RECORDS SHOWN below:
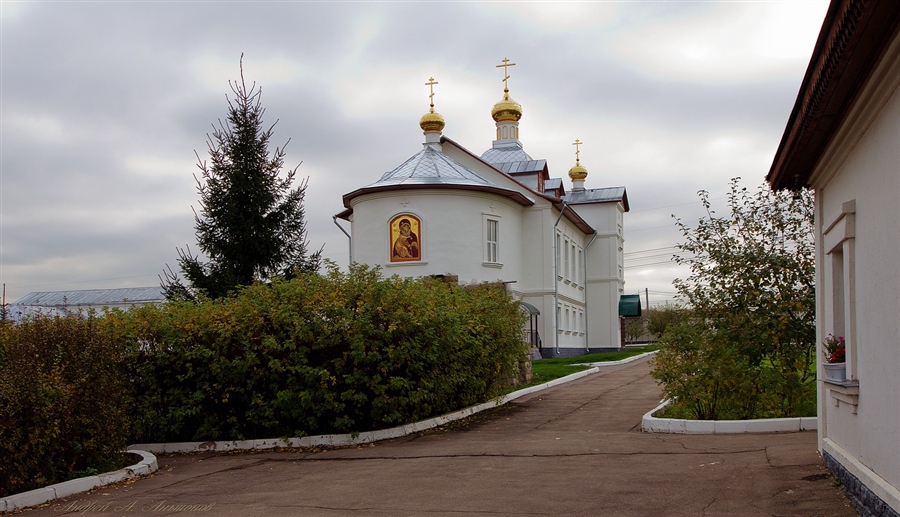 Фото жизнь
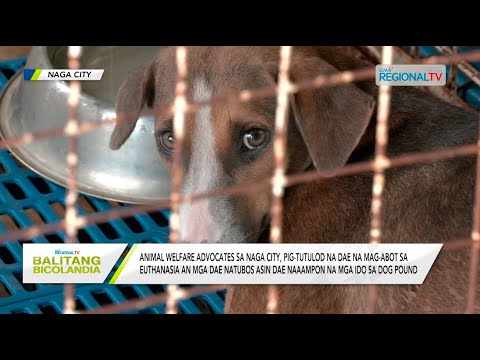 13Balitang Bicolandia: Mas marhay na programa para sa mga ido sa dog pound, hurot sa Naga City LGU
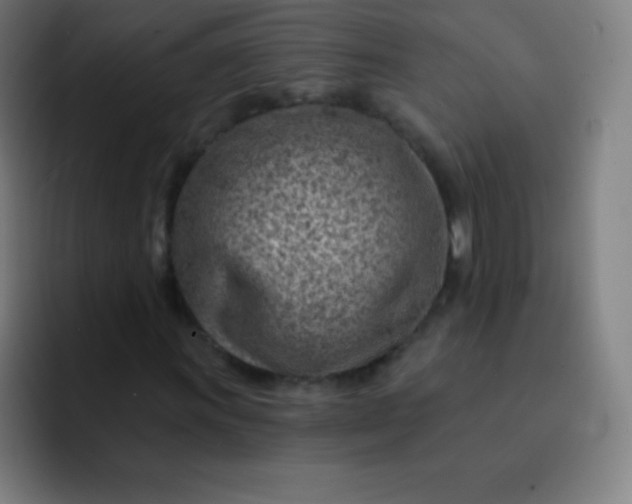 X0000093211011200710101322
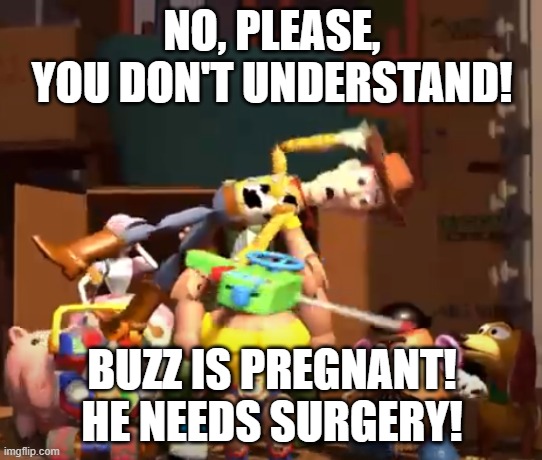 No, please, you don't understand! | NO, PLEASE, YOU DON'T UNDERSTAND! BUZZ IS PREGNANT!
HE NEEDS SURGERY! | image tagged in no please you don't understand | made w/ Imgflip meme maker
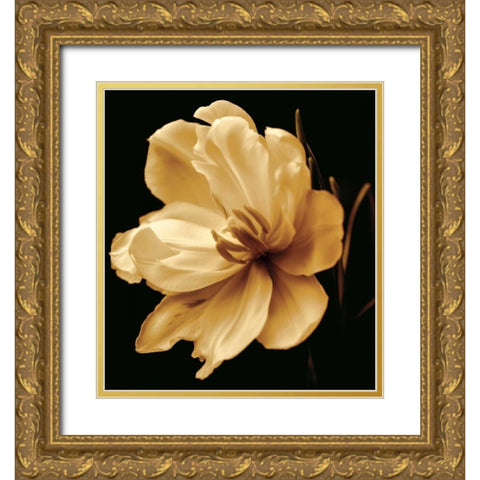 Timeless Grace III Gold Ornate Wood Framed Art Print with Double Matting by Britt, Charles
End of RECORDS SHOWN.
From the first line to the last, copy the listing above exactly, dropping all images.

 Фото жизнь
 13Balitang Bicolandia: Mas marhay na programa para sa mga ido sa dog pound, hurot sa Naga City LGU
 X0000093211011200710101322
 No, please, you don't understand! | NO, PLEASE, YOU DON'T UNDERSTAND! BUZZ IS PREGNANT!
HE NEEDS SURGERY! | image tagged in no please you don't understand | made w/ Imgflip meme maker
 Timeless Grace III Gold Ornate Wood Framed Art Print with Double Matting by Britt, Charles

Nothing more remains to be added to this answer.